HCA HEALTH SERVICES, INC.
v.
ROACH et al. (two cases).
S93A1898, S94A0160.
Supreme Court of Georgia.
Decided February 7, 1994. Reconsideration Denied February 18, 1994.Phears & Moldovan, H. Wayne Phears, Victor L. Moldovan, R. Linley Laymon, for appellant.
Michael J. Bowers, Attorney General, William C. Calhoun, Staff Attorney, Margie Pitts Hames, Long, Aldridge & Norman, Stanley S. Jones, Jr., John W. Ray, Jr., for appellees.
HUNT, Presiding Justice.
This appeal involves the scope of the authority of the State Health Planning Agency (SHPA) in administering the Certificate of Need (CON) program, OCGA § 31-6-40 et seq. The trial court dismissed HCA Health Services of Georgia, Inc.'s action against SHPA and its executive director for mandamus relief (Case No. S93A1898), *799 and dismissed HCA's action for judicial review under the Administrative Procedure Act (Case No. S94A0160).[1] We affirm the dismissal of the action for judicial review (Case No. S94A0160) and reverse the trial court's dismissal of the action for mandamus (Case No. S93A1898.)

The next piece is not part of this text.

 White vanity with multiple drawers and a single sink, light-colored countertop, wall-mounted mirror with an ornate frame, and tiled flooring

HCA is a competitor of the Surgical Healthcare Corporation (SHC),[2] and brought these actions challenging two SHPA decisions regarding a health care facility owned by SHC. The facility originally was owned and operated by a dentist, Dr. Keller. In 1985 Dr. Keller requested that SHPA declare his facility to be an "ambulatory surgical center" which operated as such prior to the CON statute, and to grandfather the facility into the CON program. SHPA did so the following year. Subsequently, Dr. Keller sought, and in 1992 obtained, a SHPA declaration of exemption from CON requirements for his proposed sale of the facility to SHC, and SHC's relocation of the facility to a location within three miles of its existing location and near HCA's hospital. HCA challenged these two agency decisions by separate petitions for judicial review and mandamus relief. The trial court held, inter alia, that HCA had no standing to bring an action for judicial review of SHPA's decisions regarding the facility; that SHPA alone has discretion to determine whether the CON laws apply to a particular facility; that in the instances complained of SHPA had acted, rather than failed to act, and mandamus was inappropriate to compel the agency to act in a particular manner or direction; and that HCA was barred by laches for its failure to timely object to the agency's decisions.

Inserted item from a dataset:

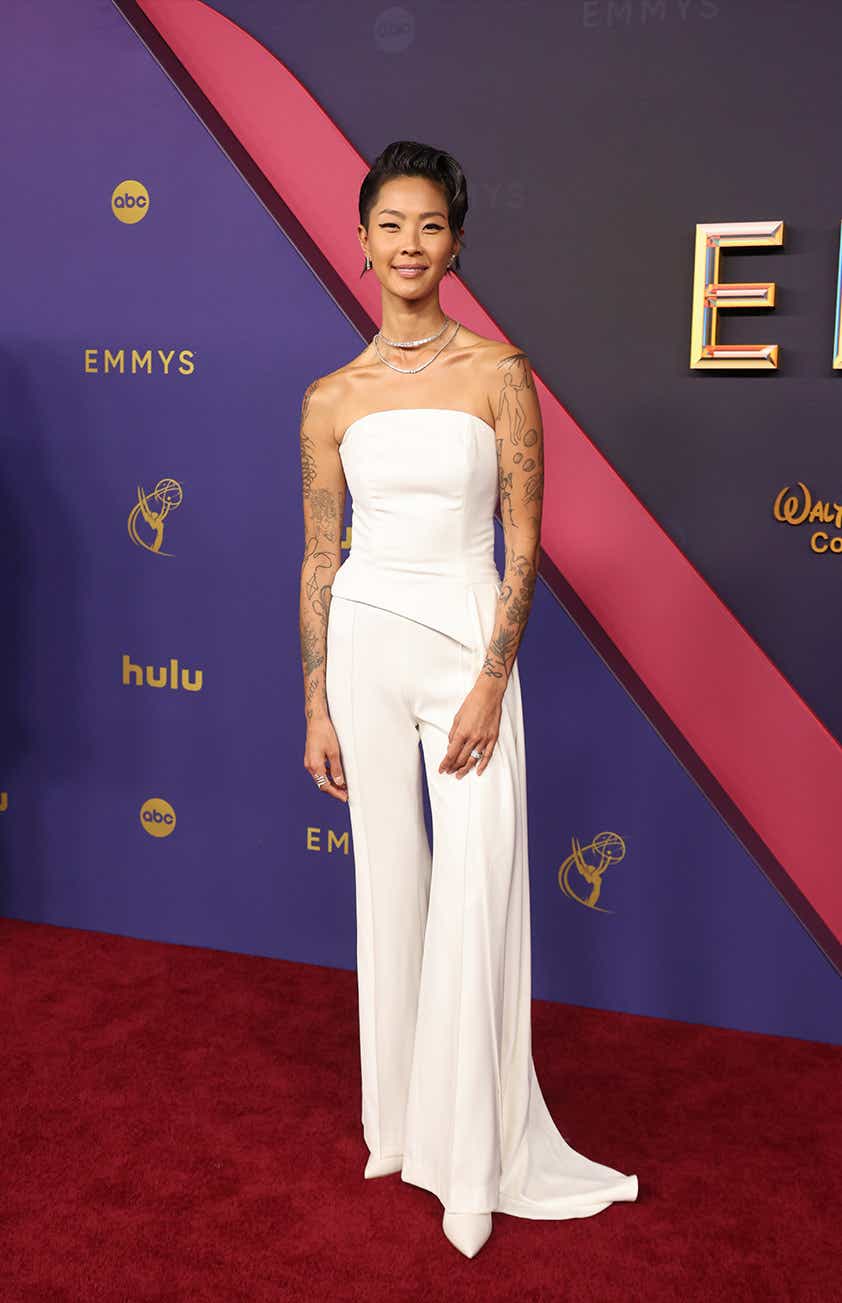 Kristen Kish wears a structured strapless white jumpsuit to the Emmys.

1. HCA's petition for judicial review of SHPA's decisions was not filed within 30 days of those decisions and, therefore, assuming those decisions were declaratory rulings under the Administrative Procedure Act, OCGA § 50-13-11, the trial court did not err by dismissing the petition. OCGA § 50-13-19 (b). Accordingly, we need not reach HCA's remaining enumerations regarding the dismissal of the petition for judicial review.
2. The trial court erred by dismissing HCA's action for mandamus to compel SHPA's executive director to enforce the CON program.[3]Diversified Health Mgmt. Svcs. v. Visiting Nurses Assn., 254 *800 Ga. 500, 502 (4) (330 SE2d 885) (1985); Executive Committee v. Metro Ambulance Svcs., 250 Ga. 61, 63 (296 SE2d 547) (1982).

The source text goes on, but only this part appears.